C’est une sorte de revanche : le juge d’instruction Jean-Marie d’Huy va enfin pouvoir mettre Jacques Chirac sur le grill en son cabinet du pôle financier de Paris. Cela fait presque un an qu’il attendait ce moment. En juin dernier, alors qu’il souhaitait entendre le Chi comme témoin dans l’affaire Clearstream (dont il est co-saisi avec son collègue magistrat Henri Pons), le magistrat s’était sèchement fait renvoyer dans les cordes par l’ancien chef de l’Etat. Chirac avait excipé de l’article 67 de la Constitution, couvrant ses faits et gestes pendant son séjour à l’Elysée, pour refuser d’apporter ses lumières sur la manip anti-Sarko des faux listings Clearstream. D’Huy avait du s’incliner. Fort marri.
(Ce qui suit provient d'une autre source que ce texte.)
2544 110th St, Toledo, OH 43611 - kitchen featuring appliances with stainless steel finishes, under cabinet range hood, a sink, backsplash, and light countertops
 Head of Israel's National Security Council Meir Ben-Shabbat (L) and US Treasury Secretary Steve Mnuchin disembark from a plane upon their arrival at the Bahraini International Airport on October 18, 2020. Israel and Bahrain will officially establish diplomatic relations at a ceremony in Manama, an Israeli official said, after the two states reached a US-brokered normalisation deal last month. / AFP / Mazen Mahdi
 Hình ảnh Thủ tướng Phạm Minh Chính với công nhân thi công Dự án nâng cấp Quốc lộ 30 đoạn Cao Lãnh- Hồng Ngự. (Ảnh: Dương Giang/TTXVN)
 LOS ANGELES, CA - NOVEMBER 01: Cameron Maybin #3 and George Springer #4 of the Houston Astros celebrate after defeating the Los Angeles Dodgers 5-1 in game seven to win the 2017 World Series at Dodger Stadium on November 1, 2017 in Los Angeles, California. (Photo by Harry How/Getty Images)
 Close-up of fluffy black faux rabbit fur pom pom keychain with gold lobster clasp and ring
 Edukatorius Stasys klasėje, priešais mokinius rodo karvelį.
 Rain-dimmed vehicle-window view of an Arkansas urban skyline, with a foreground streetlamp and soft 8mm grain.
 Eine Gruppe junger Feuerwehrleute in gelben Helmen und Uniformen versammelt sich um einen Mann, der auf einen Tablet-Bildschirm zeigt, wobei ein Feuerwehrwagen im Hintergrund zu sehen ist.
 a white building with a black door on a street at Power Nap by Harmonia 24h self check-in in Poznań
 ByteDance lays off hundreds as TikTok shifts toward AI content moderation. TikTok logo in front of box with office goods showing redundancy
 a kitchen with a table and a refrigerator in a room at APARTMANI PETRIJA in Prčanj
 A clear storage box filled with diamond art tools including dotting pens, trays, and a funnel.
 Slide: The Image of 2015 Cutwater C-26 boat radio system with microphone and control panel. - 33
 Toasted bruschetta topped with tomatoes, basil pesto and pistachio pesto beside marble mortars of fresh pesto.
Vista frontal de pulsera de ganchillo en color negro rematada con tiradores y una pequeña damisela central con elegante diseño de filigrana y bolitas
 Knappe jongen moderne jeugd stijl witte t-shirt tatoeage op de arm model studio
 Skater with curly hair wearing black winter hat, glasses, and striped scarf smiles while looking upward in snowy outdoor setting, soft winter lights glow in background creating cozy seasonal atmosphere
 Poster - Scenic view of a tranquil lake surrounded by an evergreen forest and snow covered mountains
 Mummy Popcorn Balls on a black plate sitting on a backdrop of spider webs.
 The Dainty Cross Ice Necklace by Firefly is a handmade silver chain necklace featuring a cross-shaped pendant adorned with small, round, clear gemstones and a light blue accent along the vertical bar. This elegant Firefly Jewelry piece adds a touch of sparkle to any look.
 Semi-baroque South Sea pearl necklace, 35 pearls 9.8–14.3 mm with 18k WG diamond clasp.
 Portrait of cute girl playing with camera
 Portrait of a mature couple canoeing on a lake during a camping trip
Mais également chargé d’enquêter sur les magouilles de la Sempap, cette ancienne société d’économie mixte de la Mairie de Paris lors du règne chiraquien, le magistrat financier se fait maintenant un point d’honneur à chatouiller l’Ex, à travers une convocation en bonne et due forme au pôle parisien. A la clé pour Chirac, déjà mis en examen dans l’affaire des chargés de mission fictifs de la ville, une éventuelle nouvelle mise en cause « pour complicité par abstention du délit de favoritisme dans les marchés publics, détournement de fonds publics et abus de bien sociaux ». Une bien mauvaise nouvelle au moment où la nouvelle fondation Chirac vient d’obtenir le label « d’intérêt public ».
Le citoyen Chirac, qui bénéficie comme tout le monde de la présomption d’innocence, est suspecté d’abord avoir fermé les yeux sur un système de surfacturation mis en place dans les marchés de travaux d’impression de la Mairie de Paris au bénéfice d’un de ses amis gaullistes. Sans grand respect pour les procédures d’appels d’offres. Et, également, d’en avoir personnellement un petit peu profité…
Selon les résultats de l’enquête judiciaire ouverte en septembre 1997, malgré deux rapports de ses services d’inspection l’alertant sur les anomalies du système Sempap, en 1989 puis en 1992, le maire de Paris avait laissé le système se poursuivre.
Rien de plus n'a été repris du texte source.